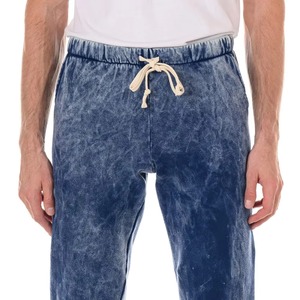 กางเกงขาตรงผ้าฟลีซลายทางสำหรับผู้ชายกางเกงซักกรดสไตล์วินเทจแบบสั่งทำปักโลโก้ได้ตามต้องการ - Product Image 6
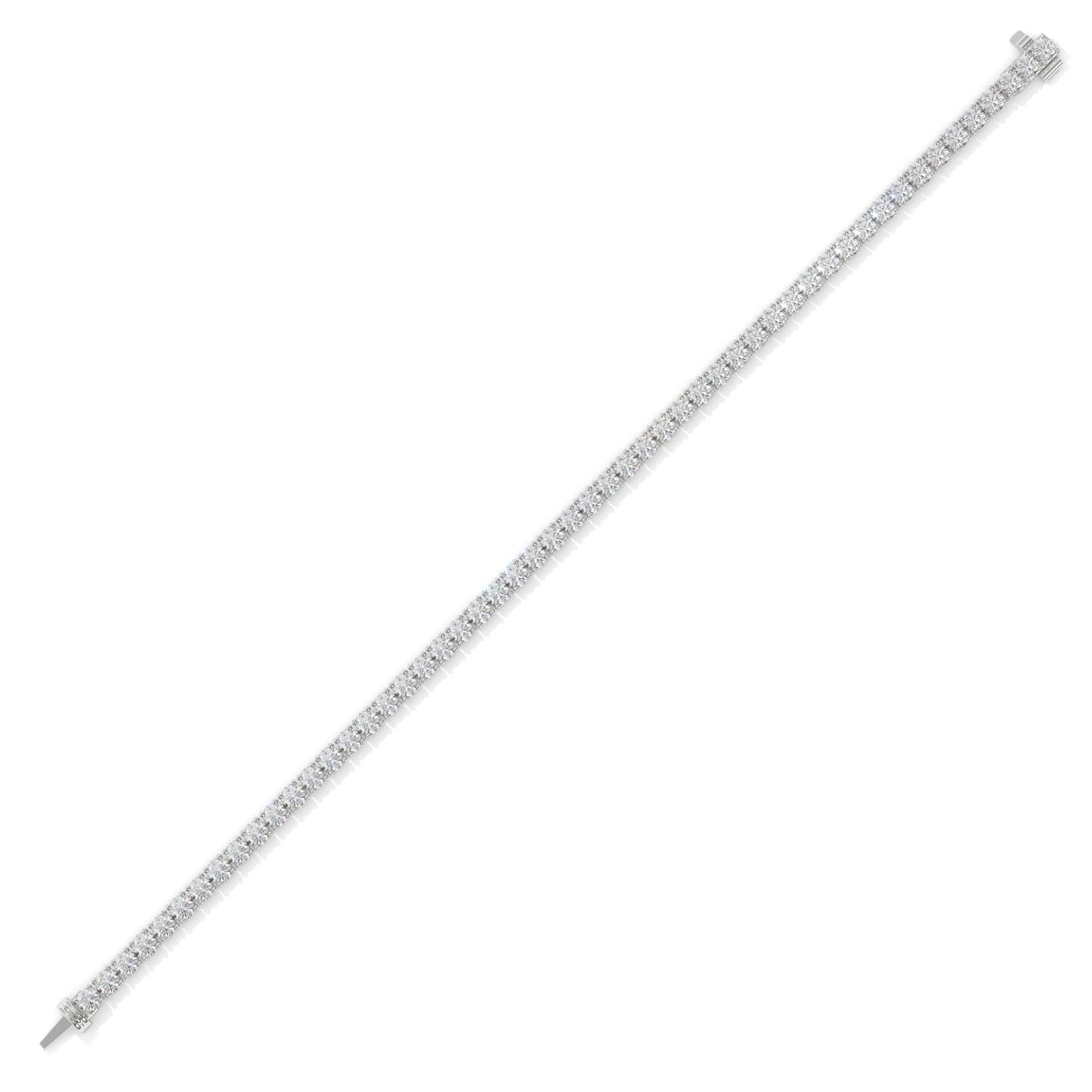 Silver bracelet with diamonds GLAM NYC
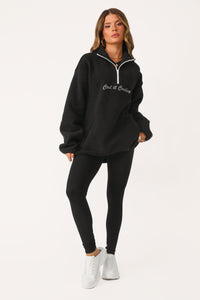 Model wearing the Cool it Cowboy Fleece.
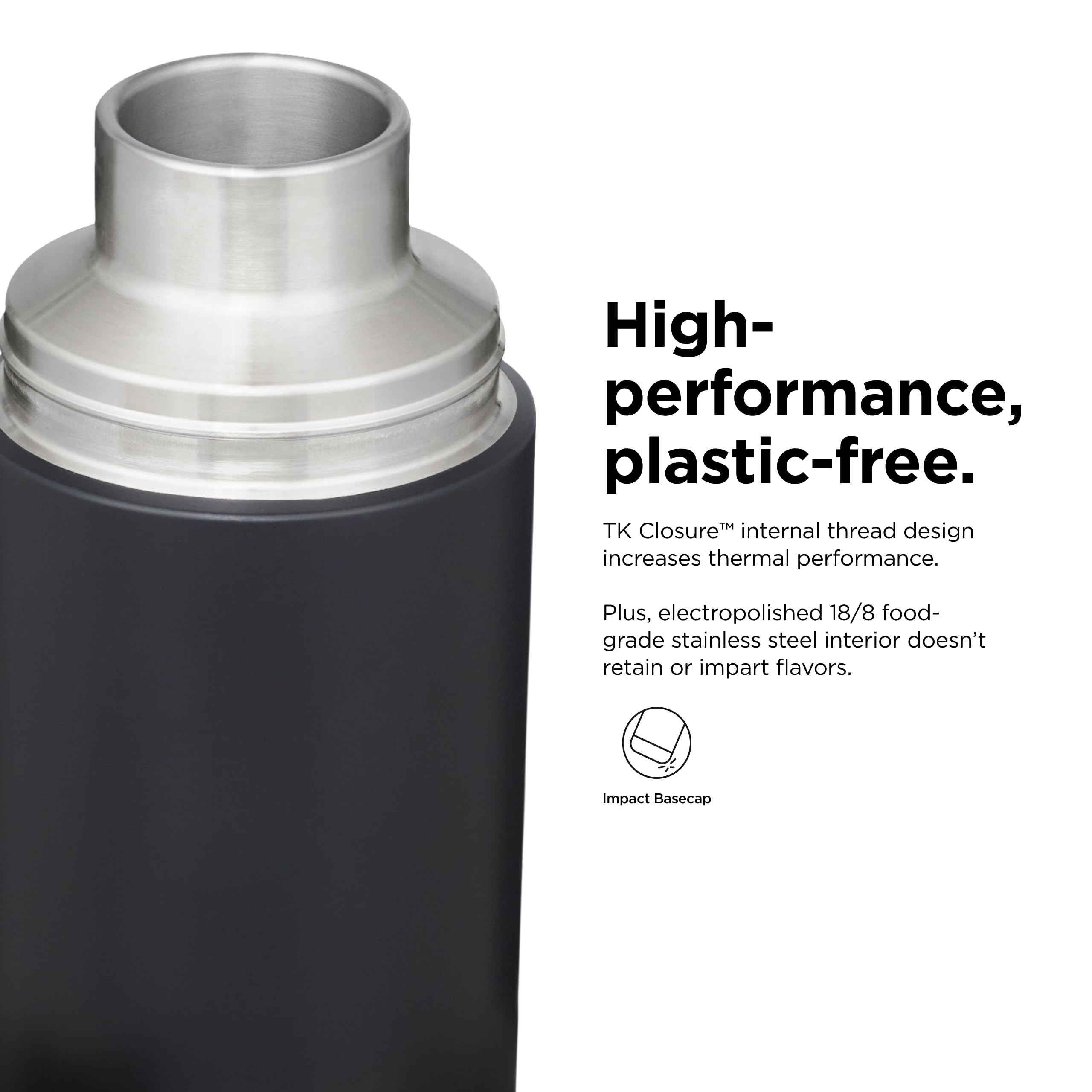 Klean Kanteen Termo insulado TKPro 0,75L, Botella térmica, Color Negro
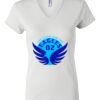 Women's Short Sleeve V-Neck T-Shirt Thumbnail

==================================================

EXERCISE BRIEF -
Type out the data above again exactly as written, minus the images.

ANSWER FOR THE TASK -
 กางเกงขาตรงผ้าฟลีซลายทางสำหรับผู้ชายกางเกงซักกรดสไตล์วินเทจแบบสั่งทำปักโลโก้ได้ตามต้องการ - Product Image 6
 Silver bracelet with diamonds GLAM NYC
 Model wearing the Cool it Cowboy Fleece.
 Klean Kanteen Termo insulado TKPro 0,75L, Botella térmica, Color Negro
 Women's Short Sleeve V-Neck T-Shirt Thumbnail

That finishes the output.